14 janvier > Roman France

Dans la note d’intention fournie par son éditeur, Mikaël Ollivier revient sur la genèse de ce recueil, dont douze des quinze nouvelles avaient été publiées confidentiellement en 2006 chez un petit éditeur disparu depuis. Pour n’être pas explicitement autobiographique, comme Celui qui n’aimait pas lire (De La Martinière Jeunesse, 2004), le livre est néanmoins largement inspiré de sa propre expérience de père et de fils. L’écrivain à la tête d’une imposante bibliographie qui compte de nombreux romans pour la jeunesse et emprunte à tous les genres, se souvient du point de départ de ces microfictions quand, peu de temps après la naissance de son aînée, il a anticipé dans un rêve désagréable cette première fois où un amoureux de sa fille viendrait passer le week-end sous le toit familial. Ce cauchemar transposé est devenu l’histoire la plus comique de ce livre à la tonalité plutôt douce-amère, parfois même totalement tragique, qui décline un large spectre de relations entre des pères et leurs enfants à divers âges de la vie.

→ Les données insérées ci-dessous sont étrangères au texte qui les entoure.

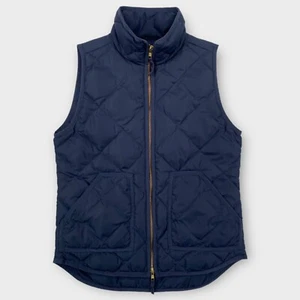 Chaqueta Chaleco J Crew Para Hombre Extra Pequeña Azul Marino Plumón de Ganso Puffer Cremallera Acolchada Exterior - Imagen 1 de 10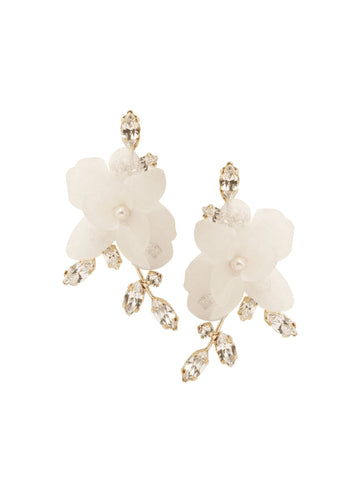 Crystalla Flutter Floral Stud Earring - bridal Earrings - Elizabeth Bower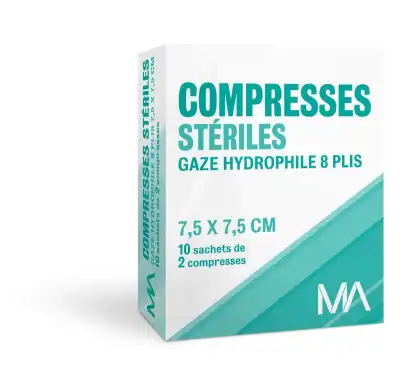 Marque Conseil Compresse Stérile Gaze Hydrophile 7,5x7,5cm 10 Sachets/2 à Mérignac
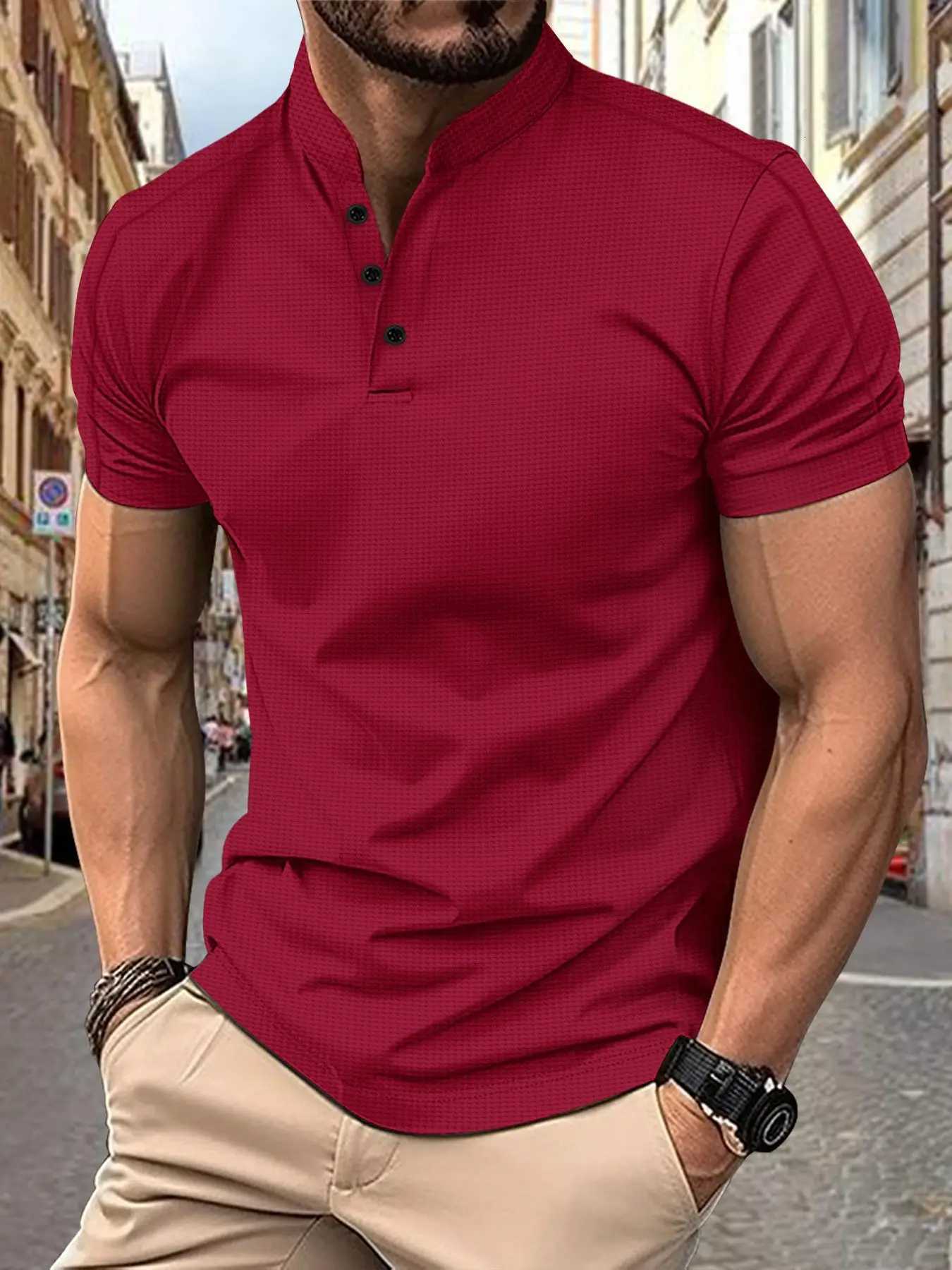 Mens Short SLeeve Casual Shirt 2025 Waffle Henry Collar Regular Fit Summer Grid Pattern Chinese Origin Y250819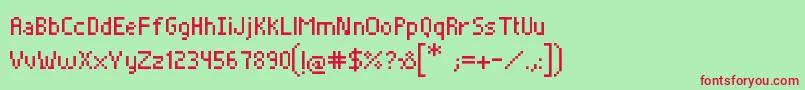 フォントPixelade – 赤い文字の緑の背景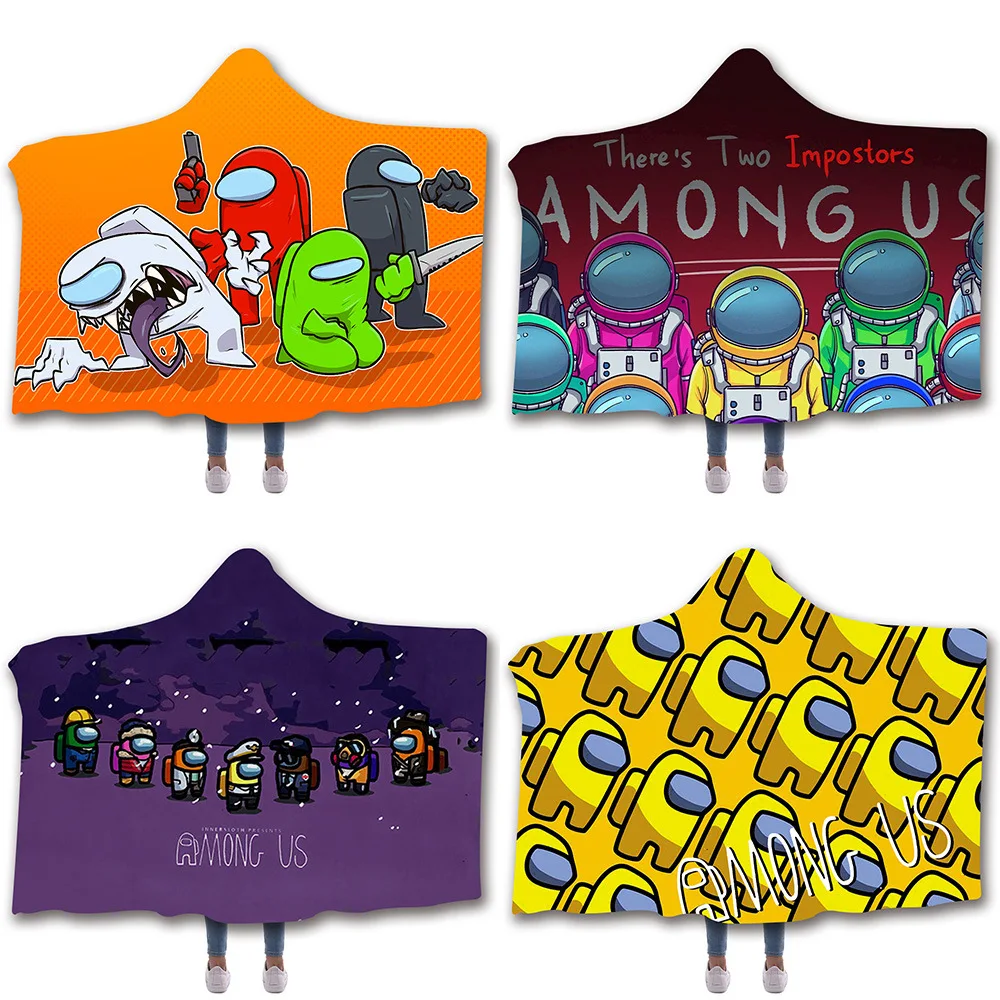 

Manta con capucha de felpa para niños y adultos, manta con estampado 3D de Among Crewmate US, de lana usable para Picnic, regalo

Aux côtés de ce personnage de père crûment jaloux qui ne censure rien des émotions ambiguës qu’il ressent, on trouve donc toute une galerie de pères contemporains : des pères fiers ("Le récital"), des pères taiseux, des pères en fin de vie ("La coda"), des pères fiables, des pères tendres, des pères impuissants, des pères éparpillés - "sept enfants de quatre femmes différentes étaient un véritable casse-tête " ("Les initiales") -, des pères pénibles, des pères intermittents, des pères frustrés… Dans "Basile", un quinquagénaire souffre de passer plus de temps avec le chien de sa maîtresse qu’avec ses jumeaux de 10 ans. Plus dramatique, "Born to fuck" met en scène un écrivain à succès qui juge "parfaitement inécoutable" la musique de sa star de fils à qui il n’a pas parlé depuis quatre ans et dont il suit à la télé la retransmission du concert "événement musical de l’année". Mikaël Ollivier a ainsi collectionné des histoires d’amour paternel qui parlent du temps qui passe et de transmission, de distances qui se creusent et d’intimité sans mots, d’étapes irréversibles : le nid vide après le départ de l’enfant devenu étudiant, la première défaite au tennis face à un fils adolescent, le monologue noué d’un père en garde partagée qui ramène ses enfants à leur mère le dimanche soir.Autant de modes d’une paternité en actes, concrète et incarnée, faite de nez qu’on mouche, d’histoires du soir, de comptines chantées en chœur dans la voiture. Et où avec entre autres choses, "regarder la mer", "manger des huîtres" et "finir un bon roman", "apprendre à marcher aux enfants " se range parmi les plus grands plaisirs que peut offrir une vie d’homme. V. R.